Work to be completed:
In the data below, find the line with "Mist of Eden" and the line with "New 2026 Volkswagen Taos SE FWD image 18", then restate both and every line between them exactly, minus the pictures.
::::::::
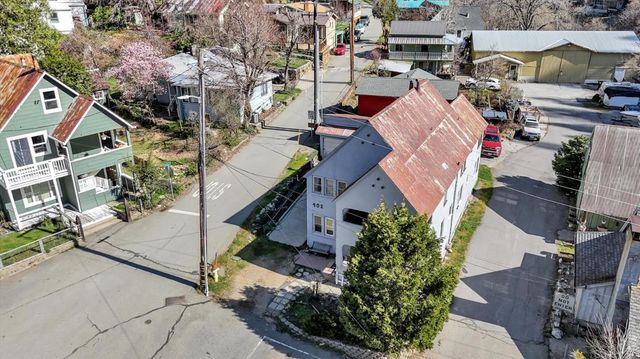 402 Main St, Downieville, CA 95936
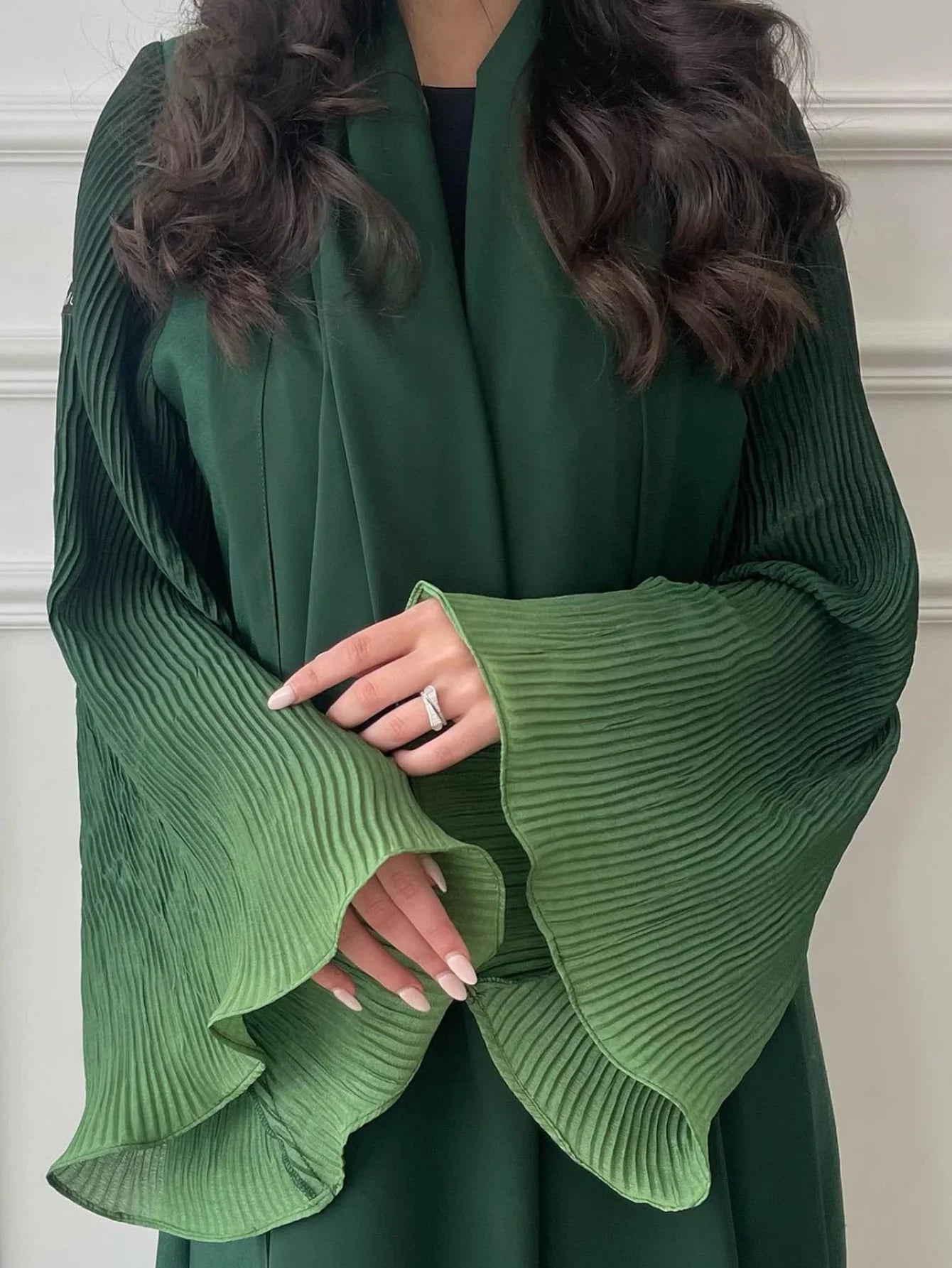 Mist of Eden Flare Sleeve Abaya - Elegant Arabian Style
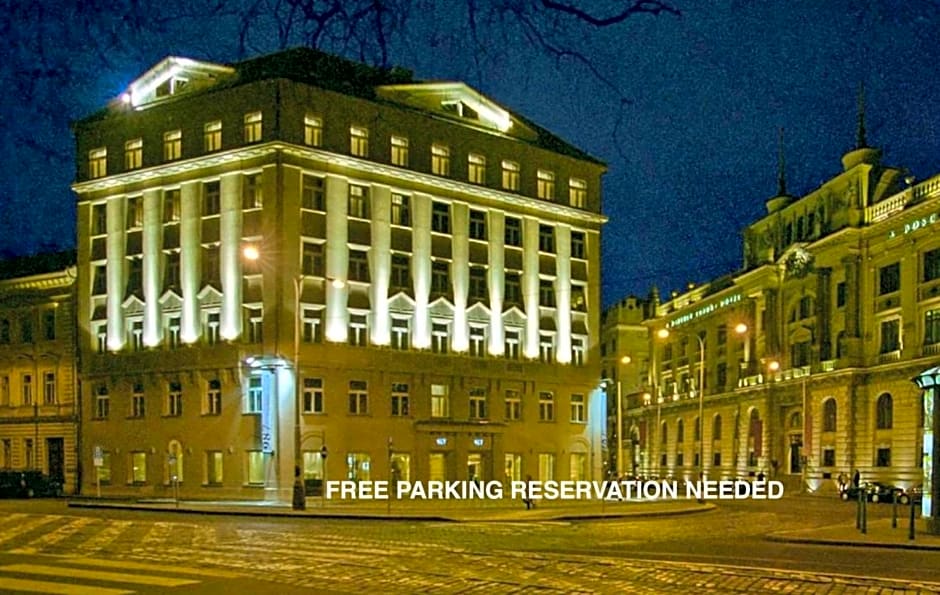 987 Prague Hotel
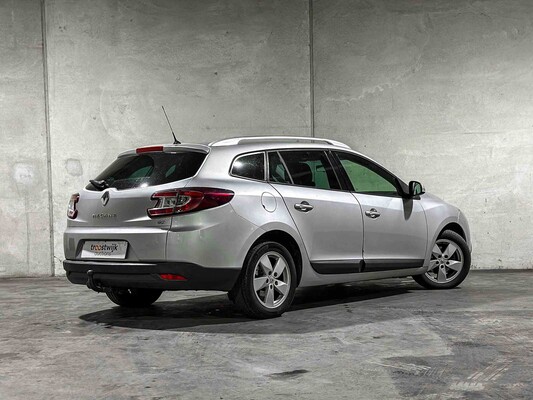 Renault Mégane Estate 1.9 dCi Dynamique 131pk 2010, 7-XNN-90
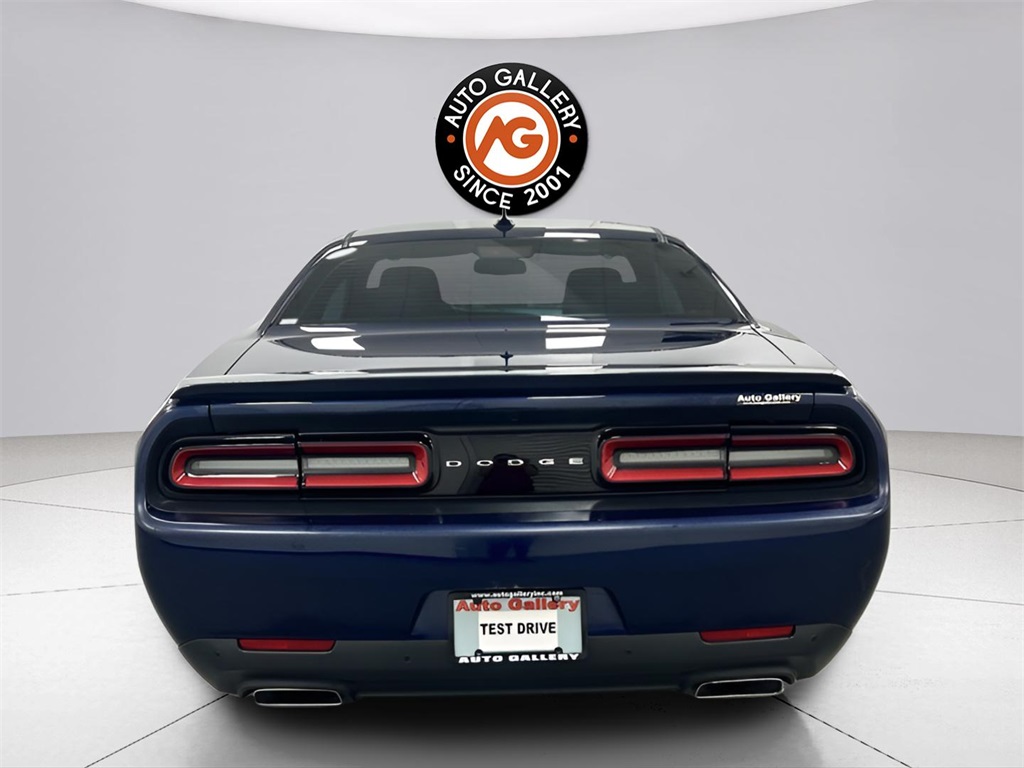 2017 Dodge Challenger R/T photo 6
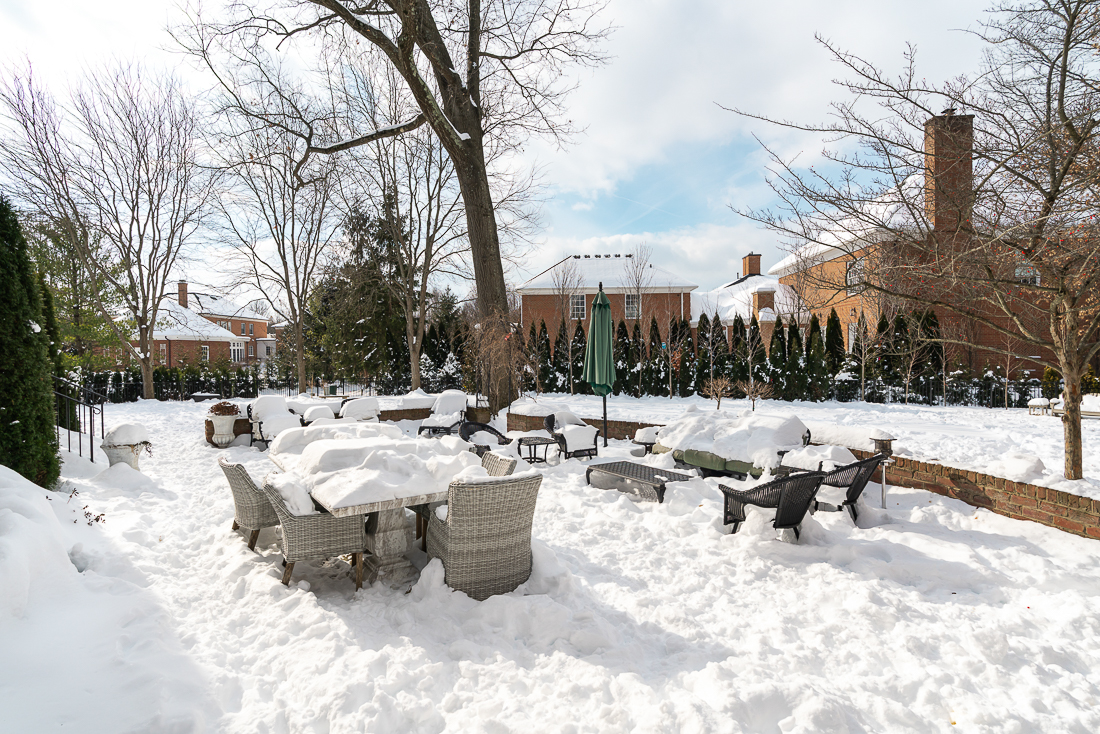 7286 Lambton Green N -20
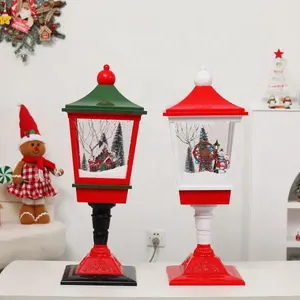 עמוד מנורה פנימי אדום וירוק עם פנס חג המולד מושלג לקישוט פסטיבל הבית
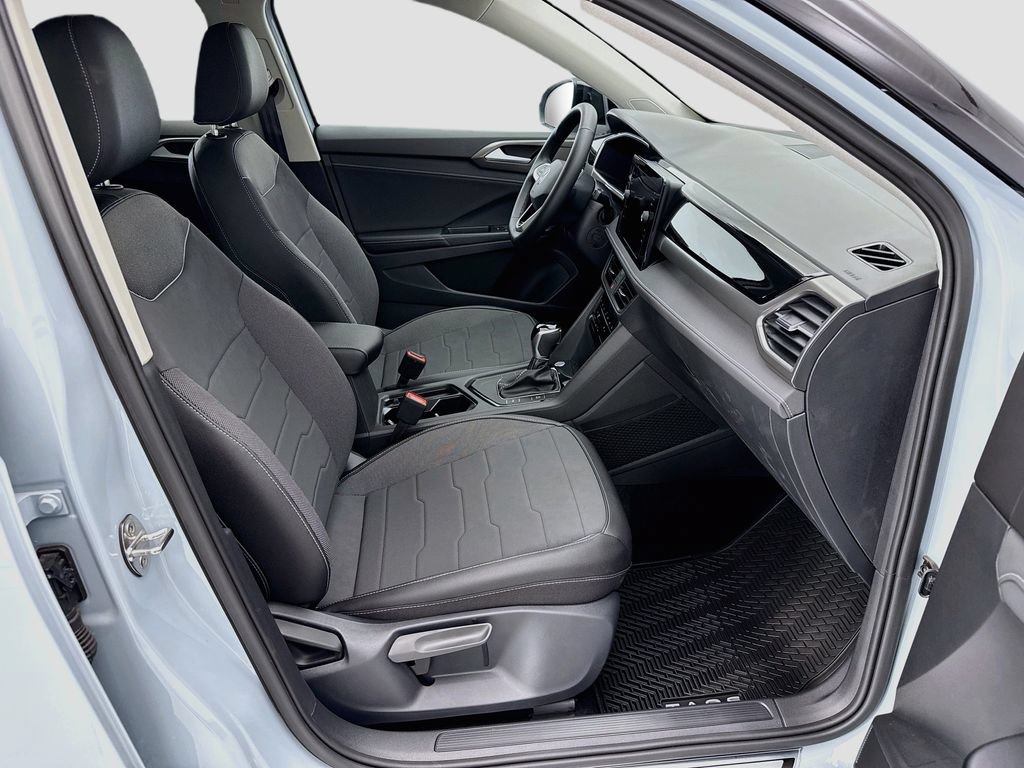 New 2026 Volkswagen Taos SE FWD image 18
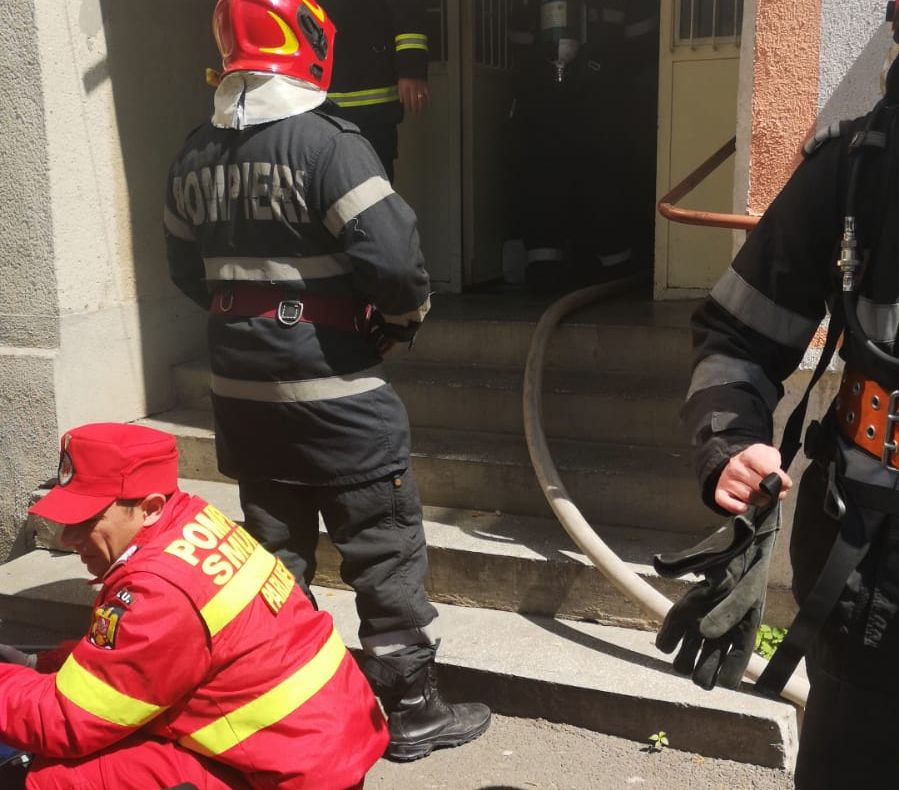 FOTO VIDEO| Incendiu într-un apartament din Constanța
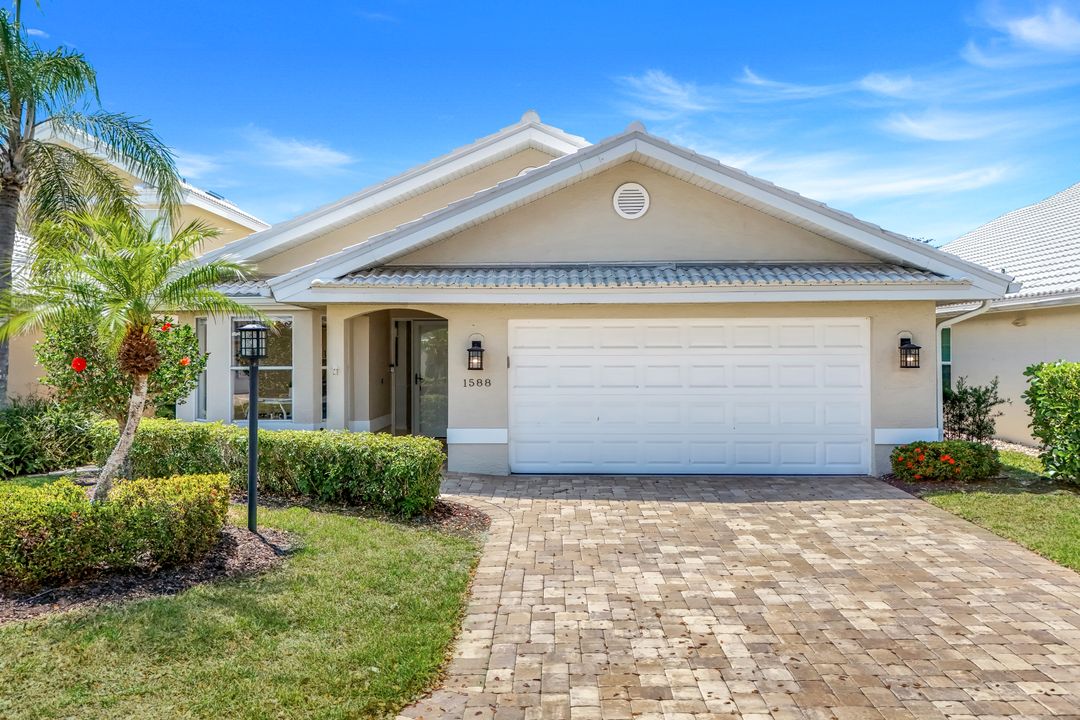 1588 Weybridge Cir, Naples, FL 34110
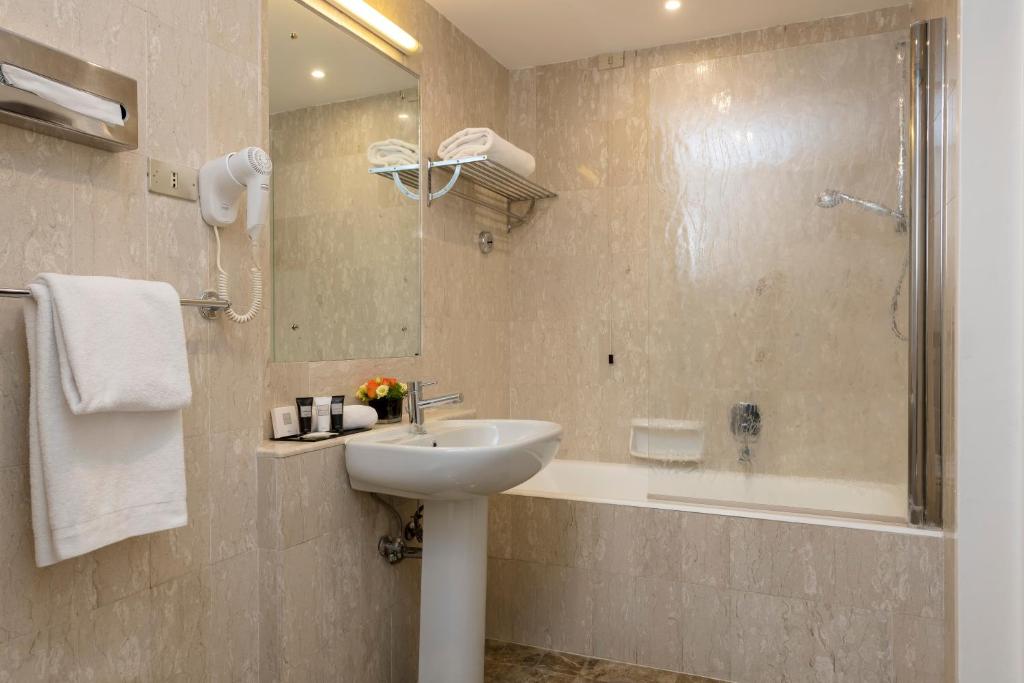 Bettoja Hotel Mediterraneo - Resim 7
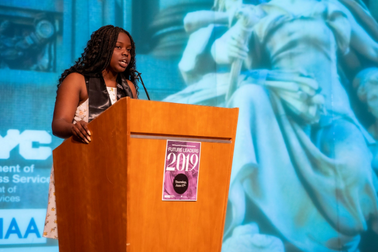 Hơn 100 học sinh vô gia cư tốt nghiệp trung học phổ thông ở New York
::::::::
Result:
 Mist of Eden Flare Sleeve Abaya - Elegant Arabian Style
 987 Prague Hotel
 Renault Mégane Estate 1.9 dCi Dynamique 131pk 2010, 7-XNN-90
 2017 Dodge Challenger R/T photo 6
 7286 Lambton Green N -20
 עמוד מנורה פנימי אדום וירוק עם פנס חג המולד מושלג לקישוט פסטיבל הבית
 New 2026 Volkswagen Taos SE FWD image 18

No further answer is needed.